Tier 2 Data Management
This page aims to surface some lesser-known use cases for the Tier 2 storage platform available on MSI systems.
Multipart Uploads configuration
This feature is typically used by S3 clients to improve write performance. If a multipart upload fails unexpectedly, it can result in partially uploaded data lingering on the storage system in the form of incomplete multipart uploads.
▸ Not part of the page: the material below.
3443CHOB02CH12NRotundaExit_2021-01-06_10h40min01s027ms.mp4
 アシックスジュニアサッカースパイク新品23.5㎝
These incomplete multipart uploads count against a user’s quota and, in large numbers, can affect the performance of list operations on the bucket. MSI recommends applying a data lifecycle policy to automatically delete incomplete multipart uploads. The following is an example lifecycle policy:
<LifecycleConfiguration>
<Rule>
<ID>abort-multipartupload-3days</ID>
<Prefix></Prefix>
<Status>Enabled</Status>
<AbortIncompleteMultipartUpload>
<DaysAfterInitiation>3</DaysAfterInitiation>
</AbortIncompleteMultipartUpload>
</Rule>
</LifecycleConfiguration>
Set this up with the following steps:
Download the example XML file from the Tier 2 bucket
s3://helpdesk.s3cmd get s3://helpdesk/abort-lc-mp-3days.xml $HOME
Apply it to your existing bucket.
s3cmd setlifecycle $HOME/abort-lc-mp-3days.xml s3://bucketname
This tells Tier 2 to clean up these old incomplete multipart uploads for you. Tier 2 enforces lifecycle policies once a day, late at night.
s3cmd also has a command to list incomplete multipart uploads:
s3cmd multipart s3://bucketname
This can be very slow to run when there are a large number of files and incomplete multipart uploads.